Filoli; Gardens, Roses, and a Georgian Mansion in Woodside
Filoli is a historic estate located in Woodside, California, about 25 miles south of San Francisco. Built between 1915 and 1917 for William Bowers Bourn II, heir to one of California's richest gold mines, the Georgian Revival mansion was designed by San Francisco architect Willis Polk and sits within 16 acres of formal gardens on a 654-acre estate.
The name Filoli comes from Bourn's personal credo, the first two letters of Fight for a just cause, Love your fellow man, Live a good life. After the Bourns' deaths, the estate was purchased by the Roth family in 1937, who added to the botanical collections and cared for the gardens for decades. In 1975, Mrs. Roth donated the entire estate to the National Trust for Historic Preservation.

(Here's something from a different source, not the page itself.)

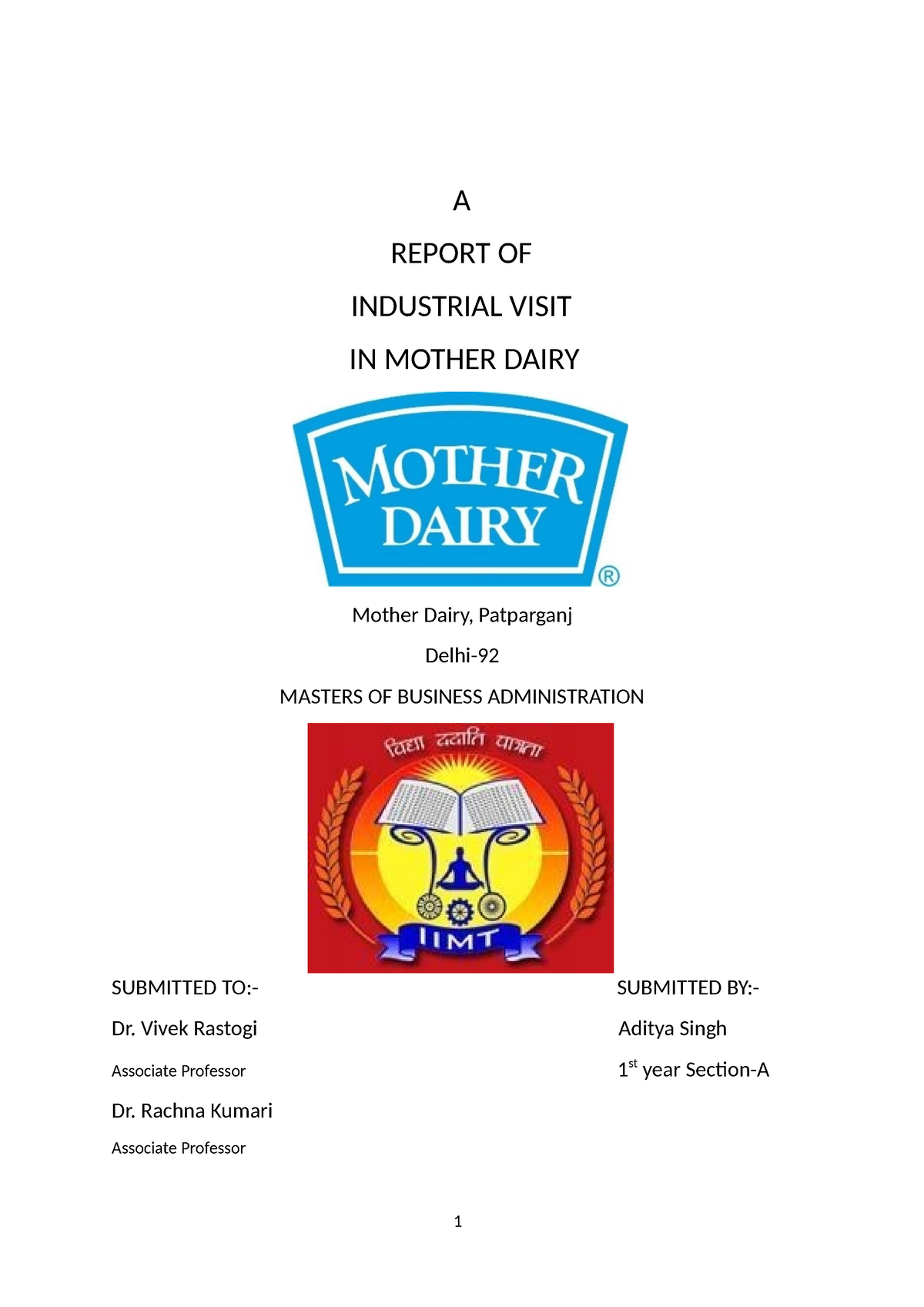 industrial visit report on mother dairy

It is now considered one of the finest remaining country estates of the early 20th century in the United States.
I visited on a spring weekend and spent most of the time outside among the roses (242 varieties in bloom) and then inside moving through the rooms of the house.
What stayed with me most about Filoli is the combination of the gardens and the house. Outside, the garden and all the roses were extraordinary, we spent a long time just walking slowly through them, stopping to smell them, taking in the colors. The gardens are large enough to get lost in, which is exactly what we did.
Inside, the house feels like someone still lives there. The rooms are furnished as they were when the families were in residence, the kitchen, the library, the bathrooms, the closets with clothes inside. It is not a museum in the traditional sense. It feels more like stepping into a real domestic life from another era.
My two favorite rooms were the Library and the Ballroom. The Library has that particular atmosphere of a room built around books, wood paneled walls, a fireplace, a sense of quiet. The kind of room where I felt I could get a lot done if I had something like this at home.
The Ballroom is the place I kept coming back to. It is a huge room with pale green walls, gilded moldings inspired by the Palace of Versailles, big chandeliers, and floor-to-ceiling murals painted in 1921 by American artist Ernest Peixotto. The murals depict the Lakes of Killarney and the Muckross Estate in Ireland, the estate Bourn had gifted to his daughter as a wedding gift. After Bourn suffered a stroke in 1921 and could no longer travel, his wife Agnes commissioned Peixotto to paint the Irish landscape he could no longer visit, so he could see it from his home in California. Peixotto traveled to Ireland to make sketches before painting the enormous canvases in his New York studio, which were then shipped by train to Filoli and installed in the ballroom. I did not know any of this when I was standing in that room. I was simply trying to figure out what landscape the murals were depicting, there was something so quiet about them, something that made the room feel more personal than just a beautiful space.
Filoli is one of those places that is easy to spend a whole day in without noticing the time pass.